**Your goal**
The lines below, from the one holding "That's to hit" through the one holding "Next is my Edgar", are to be restated word for word, with all images left out.

**Records for processing**
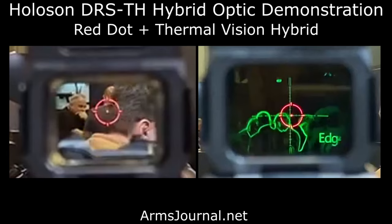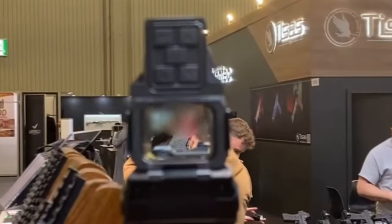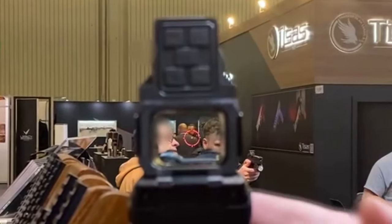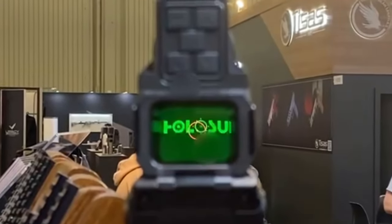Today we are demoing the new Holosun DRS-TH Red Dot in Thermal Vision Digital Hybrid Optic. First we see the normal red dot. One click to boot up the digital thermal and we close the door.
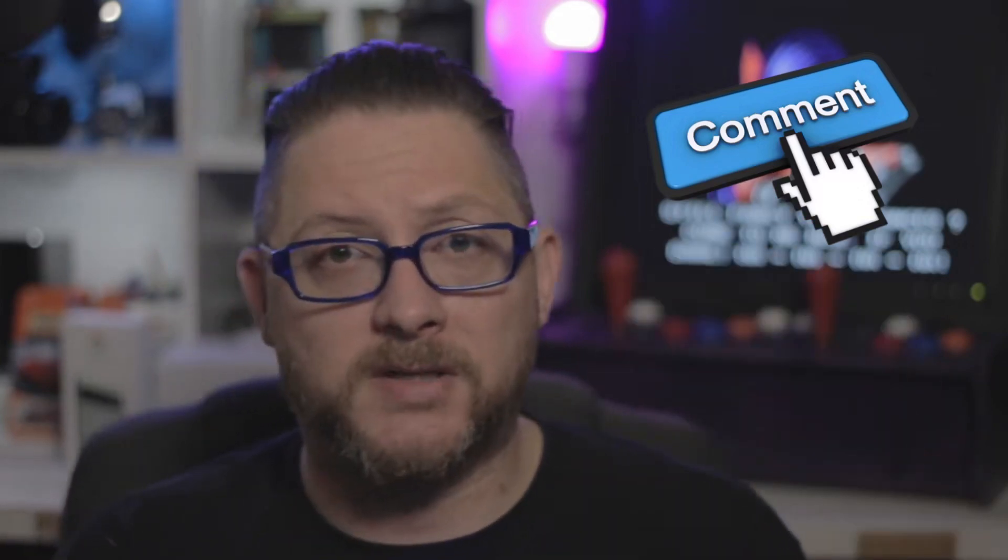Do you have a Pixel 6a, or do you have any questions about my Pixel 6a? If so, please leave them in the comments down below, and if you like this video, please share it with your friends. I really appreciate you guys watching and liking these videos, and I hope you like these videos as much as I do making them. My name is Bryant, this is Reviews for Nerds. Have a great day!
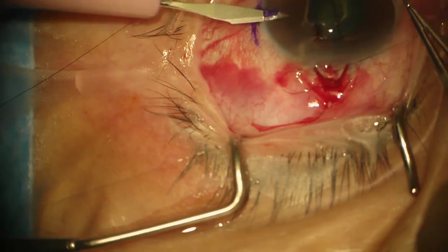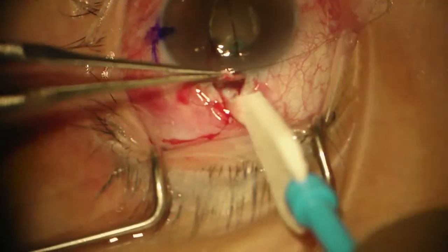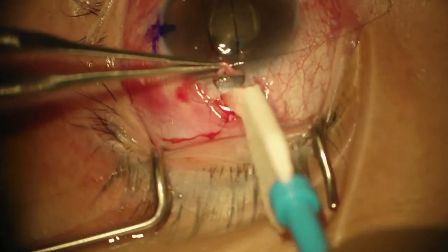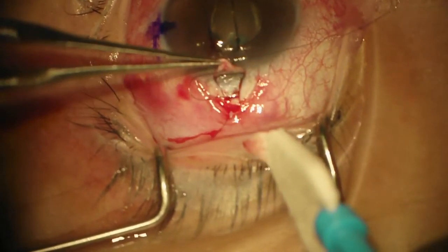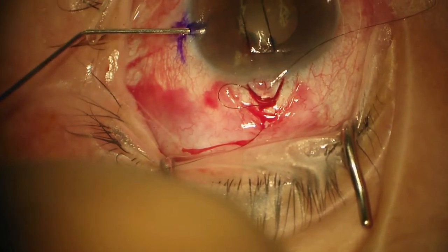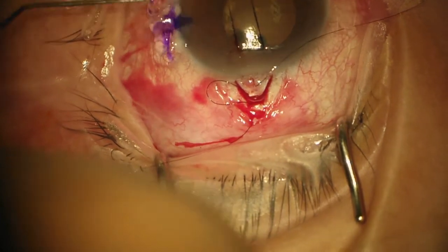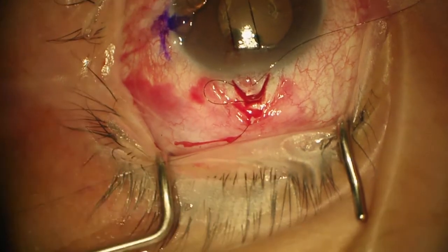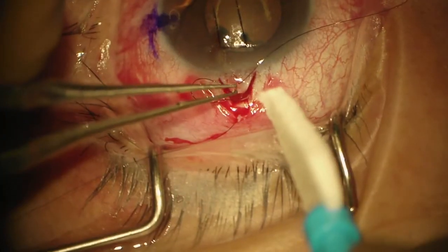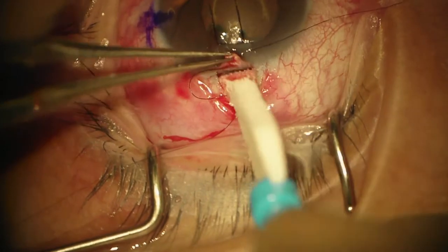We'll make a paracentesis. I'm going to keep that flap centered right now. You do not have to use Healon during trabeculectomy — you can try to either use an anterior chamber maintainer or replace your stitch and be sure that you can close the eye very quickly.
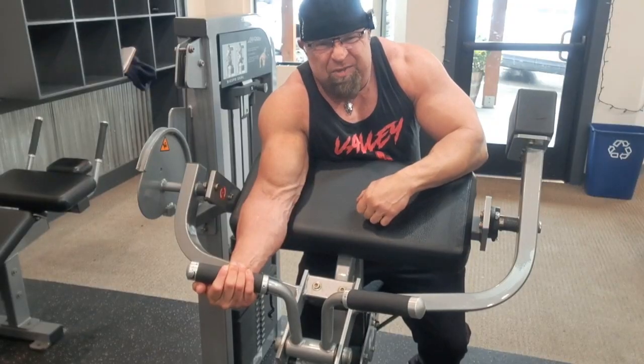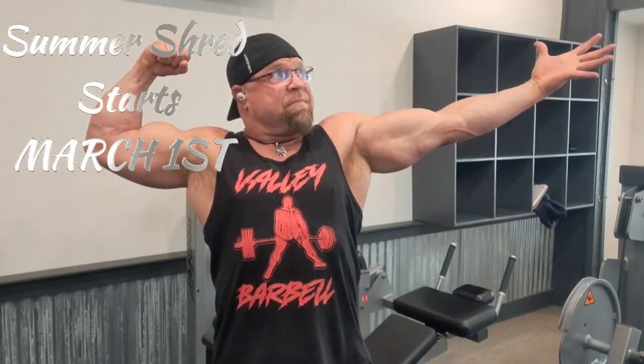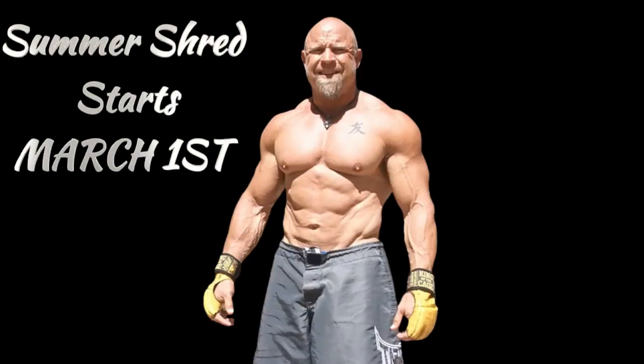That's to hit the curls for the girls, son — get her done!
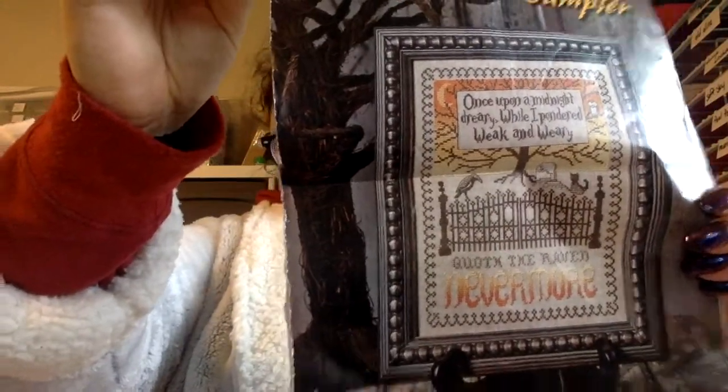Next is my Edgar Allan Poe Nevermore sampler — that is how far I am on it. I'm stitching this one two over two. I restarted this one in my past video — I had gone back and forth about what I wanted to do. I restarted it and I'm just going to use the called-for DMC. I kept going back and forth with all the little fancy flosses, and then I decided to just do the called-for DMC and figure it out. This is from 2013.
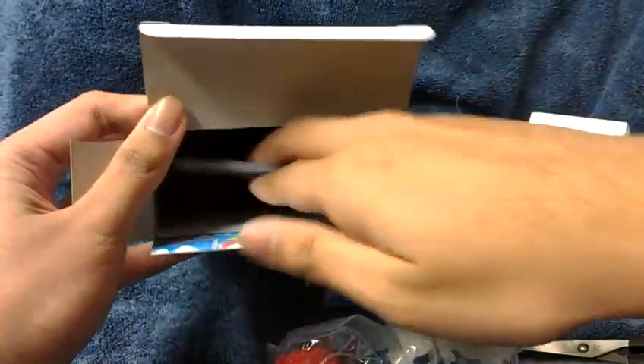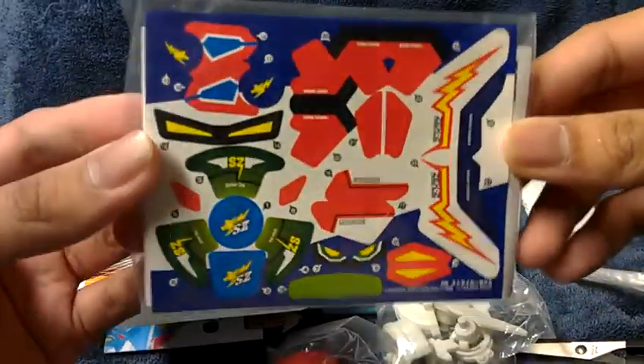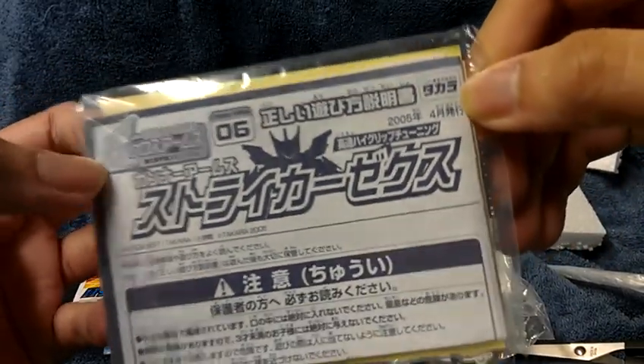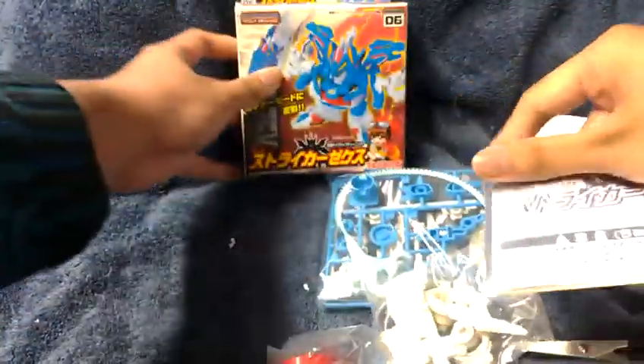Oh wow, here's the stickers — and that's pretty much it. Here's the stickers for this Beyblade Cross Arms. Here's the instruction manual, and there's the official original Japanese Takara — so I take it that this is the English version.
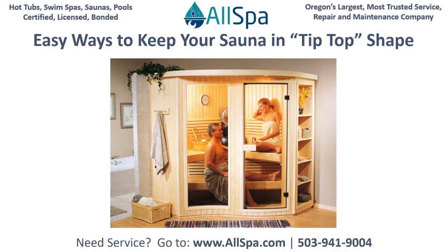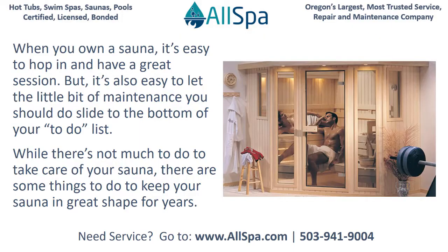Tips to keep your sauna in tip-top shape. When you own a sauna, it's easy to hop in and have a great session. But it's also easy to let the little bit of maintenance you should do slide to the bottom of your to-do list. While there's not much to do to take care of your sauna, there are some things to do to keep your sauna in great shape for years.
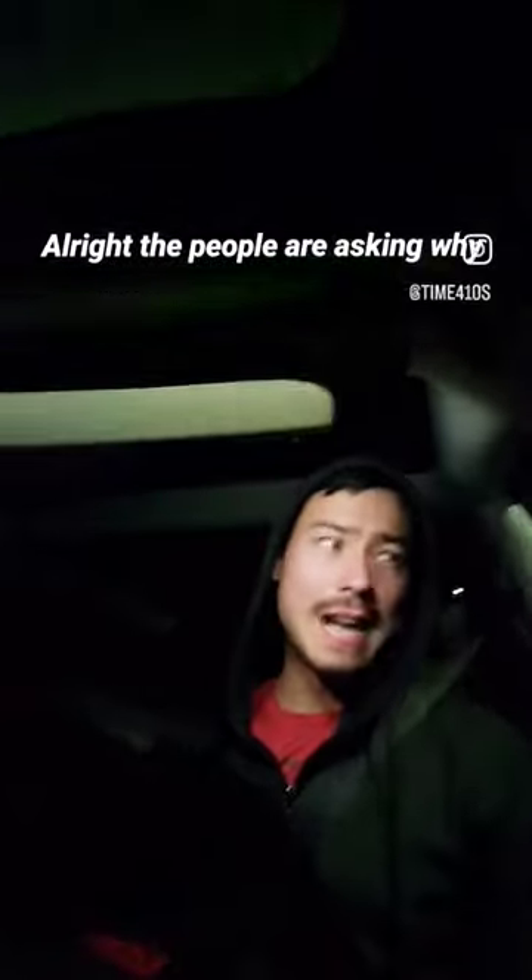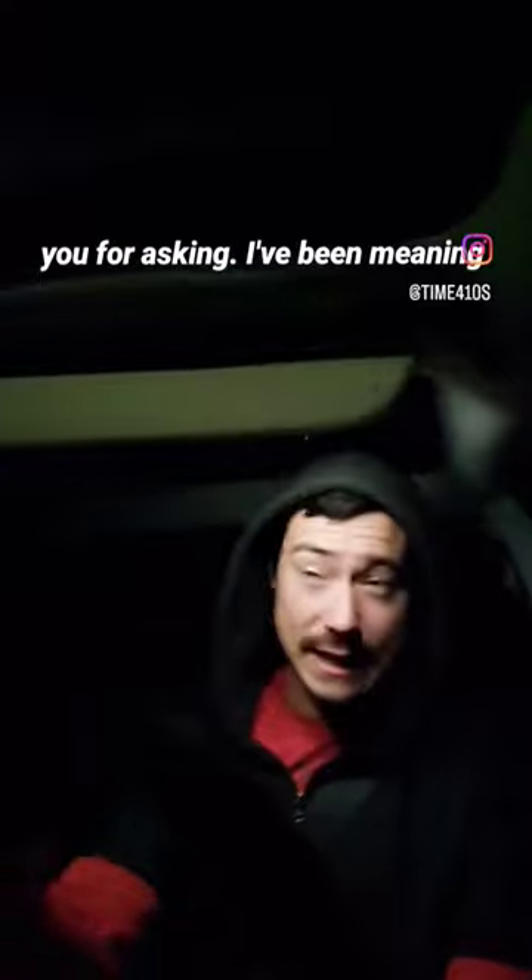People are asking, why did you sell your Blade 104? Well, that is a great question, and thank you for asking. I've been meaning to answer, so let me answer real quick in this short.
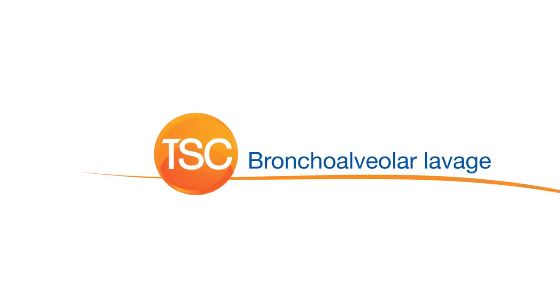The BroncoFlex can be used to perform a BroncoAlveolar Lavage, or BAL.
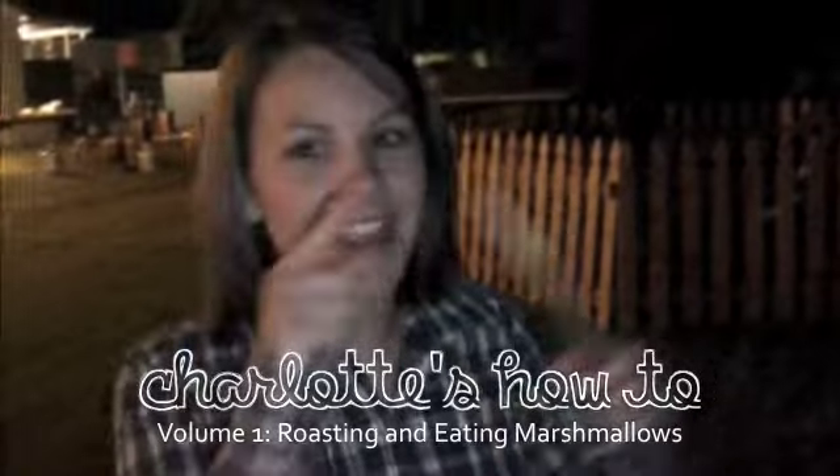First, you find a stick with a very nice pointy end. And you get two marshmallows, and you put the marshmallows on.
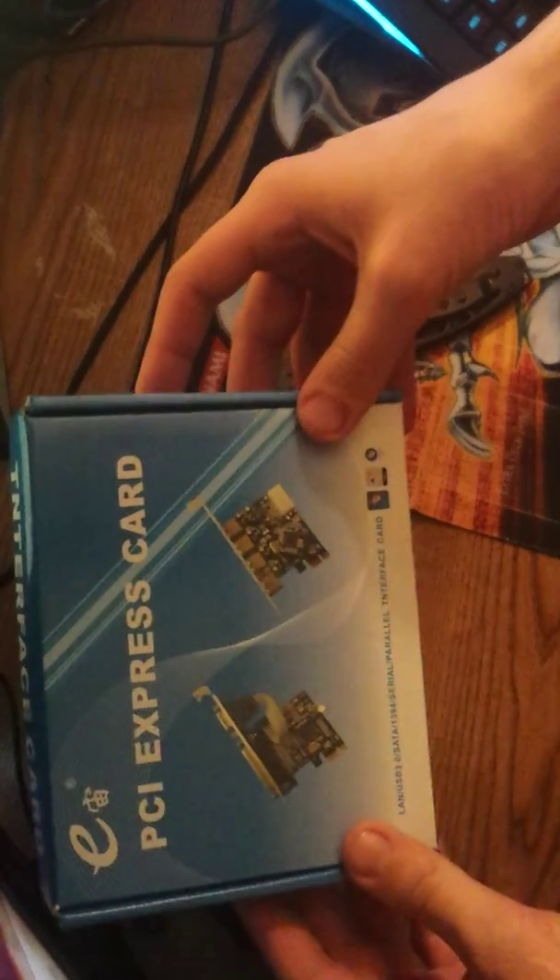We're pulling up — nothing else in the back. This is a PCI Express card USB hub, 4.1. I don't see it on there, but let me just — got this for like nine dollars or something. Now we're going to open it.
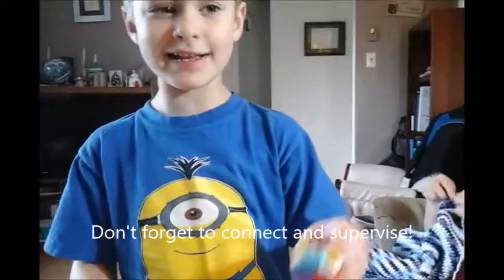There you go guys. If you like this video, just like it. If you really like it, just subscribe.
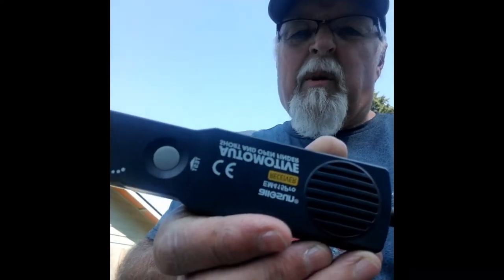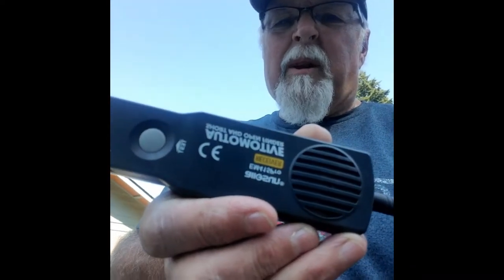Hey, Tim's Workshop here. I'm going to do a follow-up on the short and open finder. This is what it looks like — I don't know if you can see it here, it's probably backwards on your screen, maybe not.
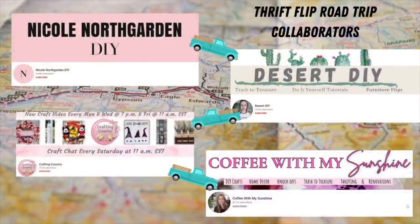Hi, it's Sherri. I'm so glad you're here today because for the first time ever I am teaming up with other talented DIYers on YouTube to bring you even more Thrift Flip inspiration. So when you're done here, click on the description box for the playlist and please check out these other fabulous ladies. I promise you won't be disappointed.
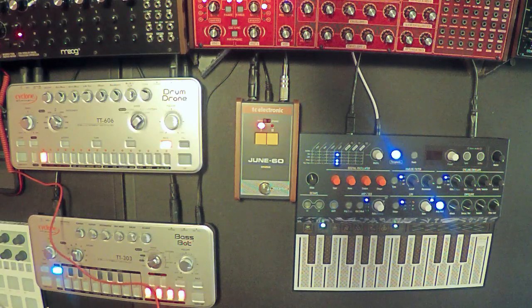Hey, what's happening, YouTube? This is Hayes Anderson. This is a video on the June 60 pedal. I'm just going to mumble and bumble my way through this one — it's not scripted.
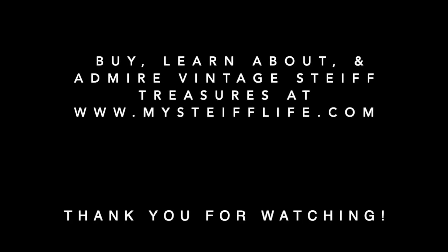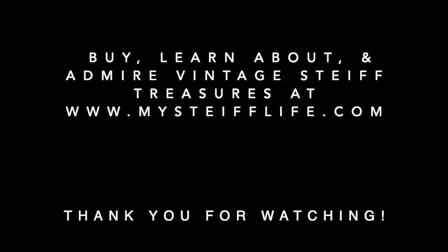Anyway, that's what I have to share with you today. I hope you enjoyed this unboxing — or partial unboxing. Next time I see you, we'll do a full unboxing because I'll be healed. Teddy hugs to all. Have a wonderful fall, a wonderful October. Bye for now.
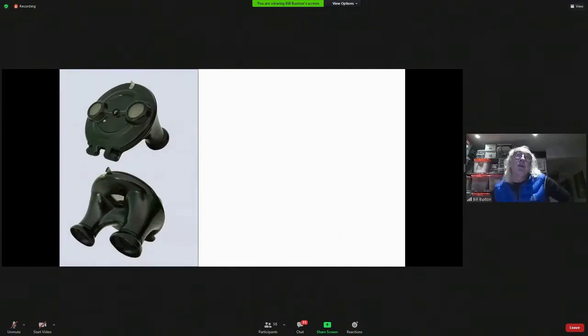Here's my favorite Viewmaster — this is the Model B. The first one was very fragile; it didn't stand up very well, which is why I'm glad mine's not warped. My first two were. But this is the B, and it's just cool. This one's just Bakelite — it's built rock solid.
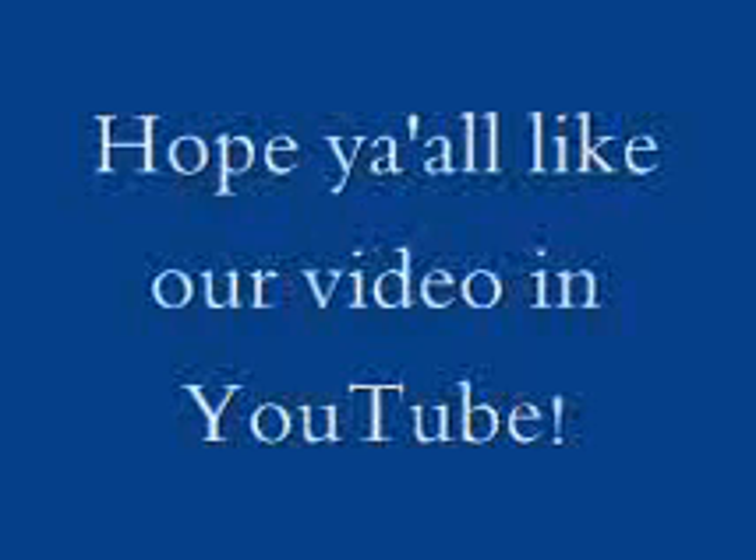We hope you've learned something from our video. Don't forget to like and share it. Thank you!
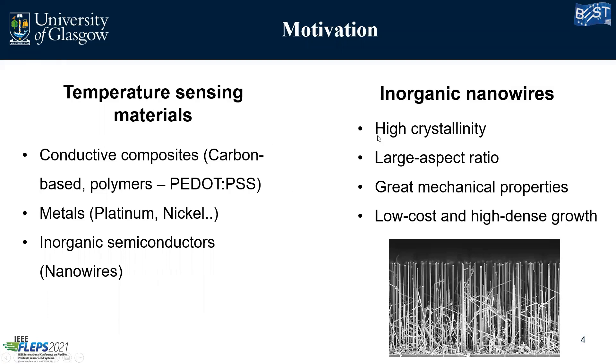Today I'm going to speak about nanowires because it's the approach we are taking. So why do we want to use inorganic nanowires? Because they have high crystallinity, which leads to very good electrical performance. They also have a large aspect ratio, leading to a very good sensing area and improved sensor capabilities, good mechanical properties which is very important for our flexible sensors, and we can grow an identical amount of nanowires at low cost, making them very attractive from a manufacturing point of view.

**Finished task**
That's to hit the curls for the girls, son — get her done!
Next is my Edgar Allan Poe Nevermore sampler — that is how far I am on it. I'm stitching this one two over two. I restarted this one in my past video — I had gone back and forth about what I wanted to do. I restarted it and I'm just going to use the called-for DMC. I kept going back and forth with all the little fancy flosses, and then I decided to just do the called-for DMC and figure it out. This is from 2013.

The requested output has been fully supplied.